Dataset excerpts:
────
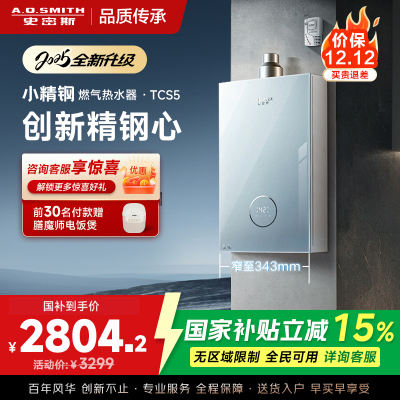 史密斯佳尼特[小精钢TCS5]13升精钢燃气热水器 国家补贴 JSQ26-TCS5 安全守护 持久恒温大水量 新品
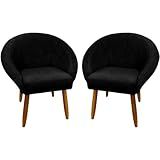Poltrona Cadeira Para Recepção Sala De Estar Sala De Leitura Resistente Reforçada Tecido Veludo Pés Madeira MOBLAN Decor 2 Preto 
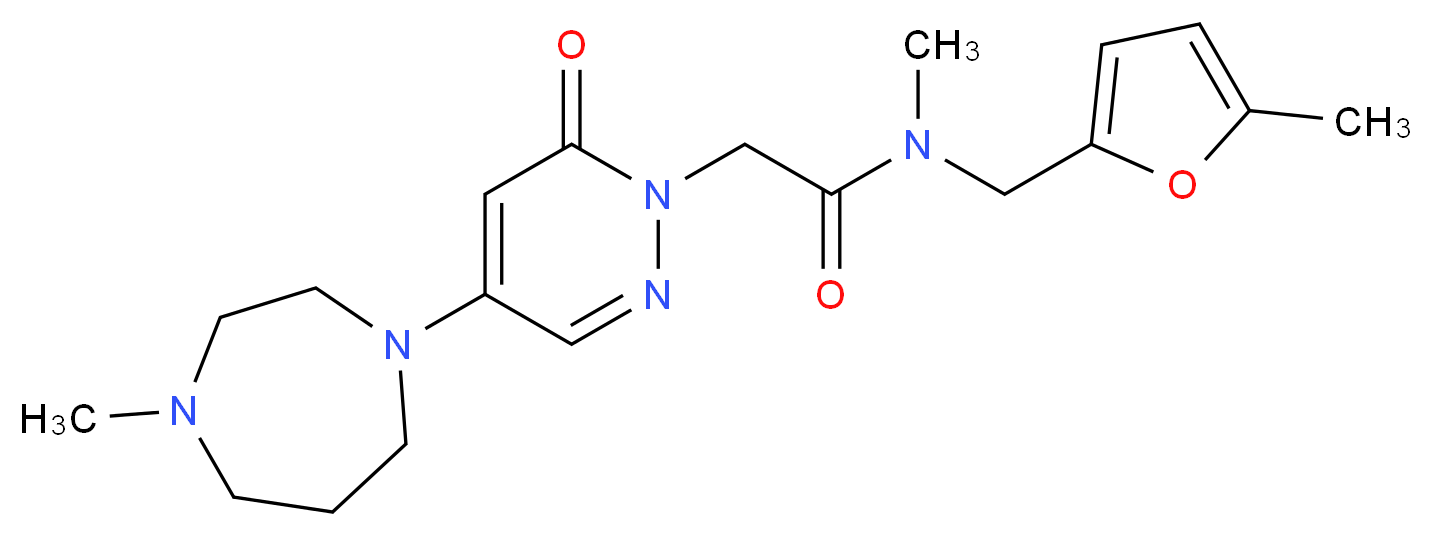 N-methyl-2-[4-(4-methyl-1,4-diazepan-1-yl)-6-oxopyridazin-1(6H)-yl]-N-[(5-methyl-2-furyl)methyl]acetamide_Molecular_structure_CAS_)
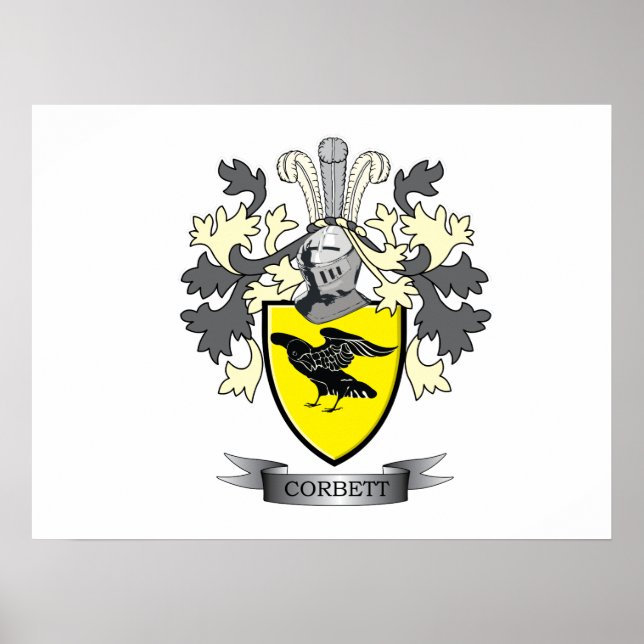 Corbett Familienwappen Coat of Arms Poster (Vorne)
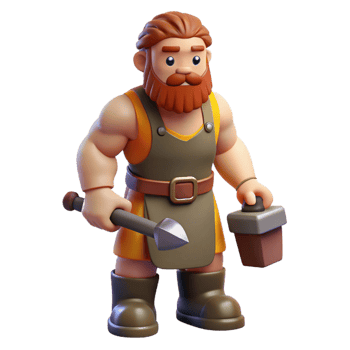 beautiful traditional Hephaestus, Greek god of the forge, with a hammer 4K png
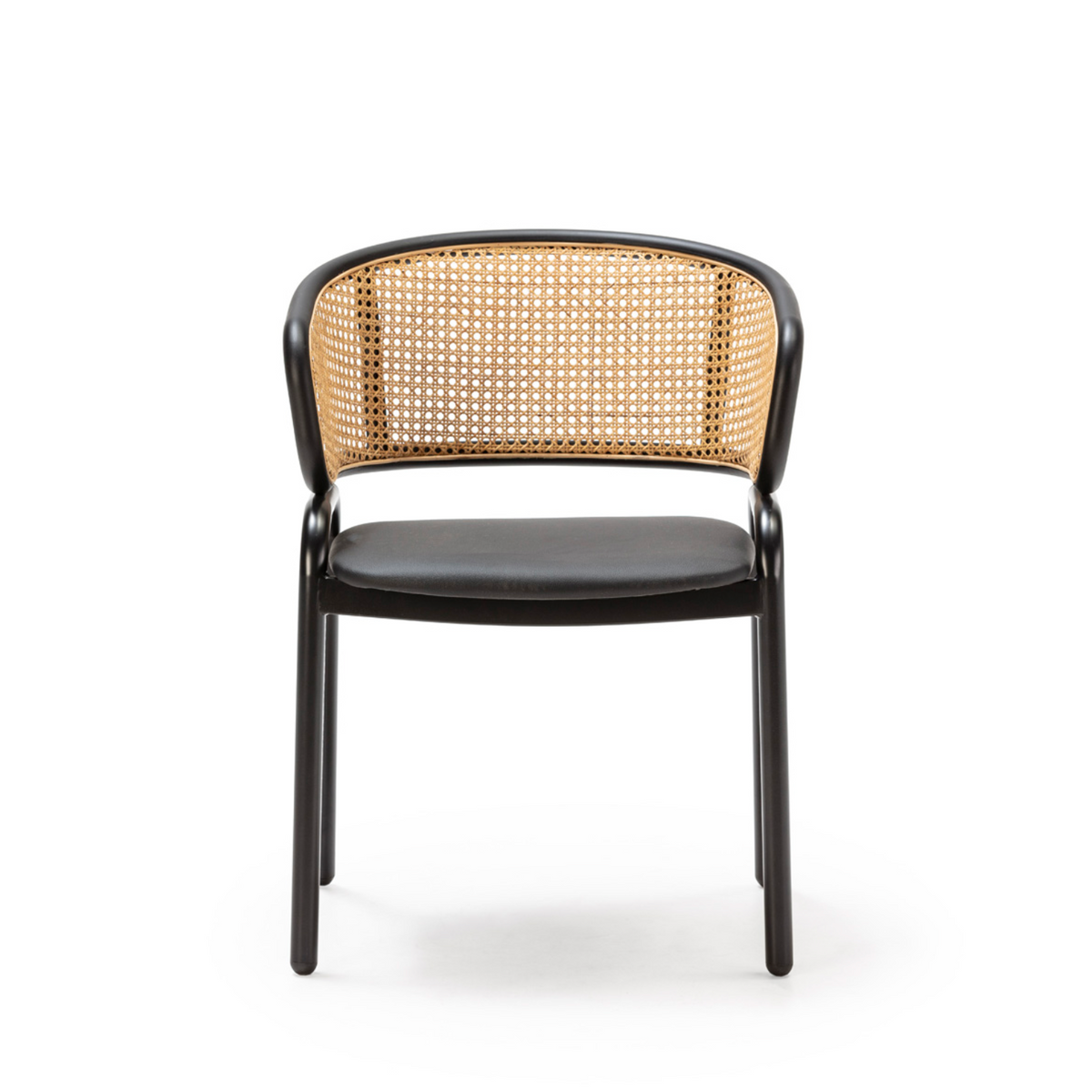 Silla con Reposabrazos Ratán Natural y Metal Negro Estilo Vintage | Thai Natura | Retrotimes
────
EXERCISE OBJECTIVE ▸ Word for word, restate the records shown above, minus the pictures.

RESPONSE TO THE EXERCISE ▸
 史密斯佳尼特[小精钢TCS5]13升精钢燃气热水器 国家补贴 JSQ26-TCS5 安全守护 持久恒温大水量 新品
Poltrona Cadeira Para Recepção Sala De Estar Sala De Leitura Resistente Reforçada Tecido Veludo Pés Madeira MOBLAN Decor 2 Preto 
 N-methyl-2-[4-(4-methyl-1,4-diazepan-1-yl)-6-oxopyridazin-1(6H)-yl]-N-[(5-methyl-2-furyl)methyl]acetamide_Molecular_structure_CAS_)
 Corbett Familienwappen Coat of Arms Poster (Vorne)
 beautiful traditional Hephaestus, Greek god of the forge, with a hammer 4K png
 Silla con Reposabrazos Ratán Natural y Metal Negro Estilo Vintage | Thai Natura | Retrotimes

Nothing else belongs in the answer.